Just the same, GE is still reaping the fruits of its investments in “natural” fossil gas.
Going back to 2001, prior to breakthroughs the company and others made in fracking technologies, gas and associated petroleum fuels accounted for less than 15% of total U.S. electricity production. Through early this year, gas now produces 40% of the mix. Even as coal has been collapsing, over the last decade it has been gas, not renewables, that has captured the lion’s share of the market. In the first half of this year, according to the EIA, fossil gas generation grew by 9%, setting an all-time record burn rate in late July.
Though it produces less CO2 when burned, fossil gas is mostly comprised of methane, a powerful heat trapper that warms the earth 86 times as much as the same mass of carbon dioxide over a 20-year period. A false environmental solution, the large volumes of “fugitive” methane escaping into the atmosphere during the fracking and transport cycle is a significant factor propelling and worsening the climate crisis.
Coal Kingdom Collapse
Partially because of the coronavirus-induced recession, total coal production is expected to crash down to only 511 million tons – a massive drop considering last year the nation mined 706 million tons. And that was already the lowest total since 1978.
With the EIA projecting mining levels “comparable with those in the 1960s,” investors are fleeing coal producers.

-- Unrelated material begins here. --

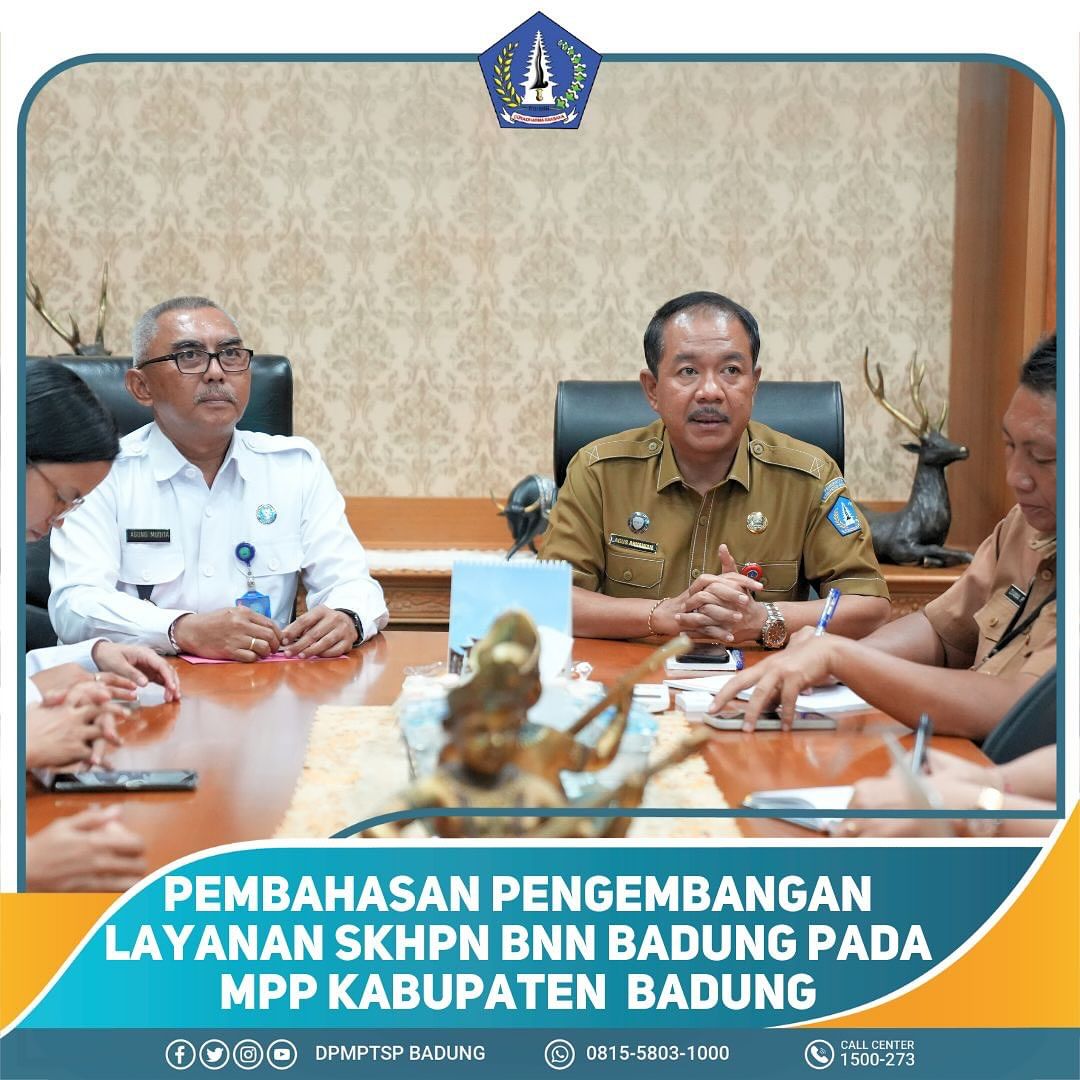 PEMBAHASAN PENGEMBANGAN LAYANAN SKHPN BNN BADUNG PADA MPP KABUPATEN BADUNG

After losing billions throughout Trump’s term, most are either emerging from or teetering upon bankruptcy.
Peabody Energy, still clinging to the title of “the world’s largest privately owned, single biggest U.S. coal producer,” just wiped billions off its books after regulators recently denied it the opportunity to merge its vast western operations with fellow fallen giant, Arch Coal. Specifically objecting to plans to combine the largest coal mine in the country—the North Antelope Rochelle open pit mine in Wyoming’s Powder River Basin—with Arch’s adjacent Thunder Basin facility, the decision forced Peabody to write off nearly 22% of the company’s value. Once a proud propagandist that global warming would benefit the planet, after shedding half of its $10 billion in debt as it emerged through bankruptcy in 2017, its stock value has plummeted some 90% from $27 down to currently under $3 a share.
In a recent earnings report, even Peabody has accepted that coal’s share of generation will continue to fall because of lower long-term fossil gas prices, accelerating coal plant retirements and the continued growth of renewables. Arch, long America’s number two producer, has announced plans to sell off all thermal coal assets and concentrate on just mining higher quality coal used to make steel—where it still sees a future.
America’s coal producers, Peabody included, have long embraced a perverse business model enabled by the country’s lenient corporate bankruptcy processes and feeble federal and state regulations. Most of the industry’s investors bank on being able to walk away from liabilities like the long-term healthcare of their workers, many of whom suffer from Black Lung from working underground. Under Trump, even as they fell far behind on royalty and tax payments, most majors were allowed to simply shirk future cleanup and reclamation obligations too.
Since the pandemic hit, some 20,000 coal miners have lost their jobs. With state and county finances nationwide already in peril, there is the growing probability that America’s coal industry will collapse under its mountain of debt, resulting in more sudden mine closures and abandonments.
Desperate for survival as they chase fewer and fewer customers, remaining producers are caught in a death spiral as they cut corners within their nearly unregulated, historically dangerous industry.